Not using JavaScript sorting made it easier to link sorted tables from other pages. Also, with a melee database reset, getting rid of battles with retired bots may change the rankings. And you put %wins scoring. =D

But I miss some kind of Condorcet ranking. PL was the only one we had, and the one Combat was doing best.

Also miss some kind of statistical ranking. Elo was what we had and allowed fun statistics like problem bot index, specialization index and that non-working JavaScript diagram. Mirror bots and ram bots will lose some of their appeal without those statistics.

I tried to raise a RoboRumble server in App Engine a long time ago, but they didn´t allow me into the free tier. :(

MN16:57, 27 May 2012

My %Wins is a bit of a cheat. It is just 1 point per PL win, divided by bots in rumble. I prefer it to PL because it is not dependant on the number of bots in the rumble. So if Combat was doing well in PL, it should do well in %Win.

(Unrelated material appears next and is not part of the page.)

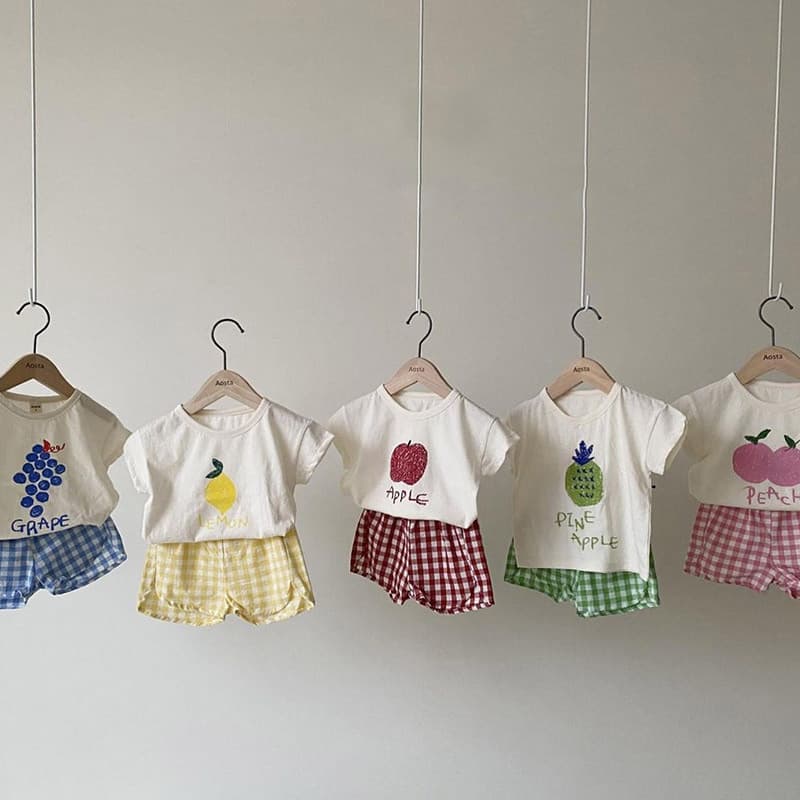 Ins versão coreana roupas infantis verão masculino feminino bebê de duas peças frutas de manga curta Shorts superiores t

I'm still not using my Backend for anything, so I was thinking that once a day I could use it to generate some sort of pseudo-problembot stats stuff. ELO/Glicko is nice, but it is really designed for being good approximations when pairings are missing. In our case, the pairings are fairly easy to fill, so that isn't a problem; APS tends to converge to the same ranking order, and it isn't full of voodoo that makes it difficult to comprehend. It is also possible to correct APS easily if results get lost due to being in memcache =)

One ranking idea I had an idea for was doing a The Best Bot calculation (get a point for being the best against any competitor). It would increase my number of database writes in the only reasonably robust/non-batch way I can think of, which is what is holding me back at the moment. I could use a Backend for calculating it once or twice a day, I guess, or make it expire once every 6 hours and be triggered by a page load. It needs n*n runtime. Maybe I can fit it into the regular rankings calculations.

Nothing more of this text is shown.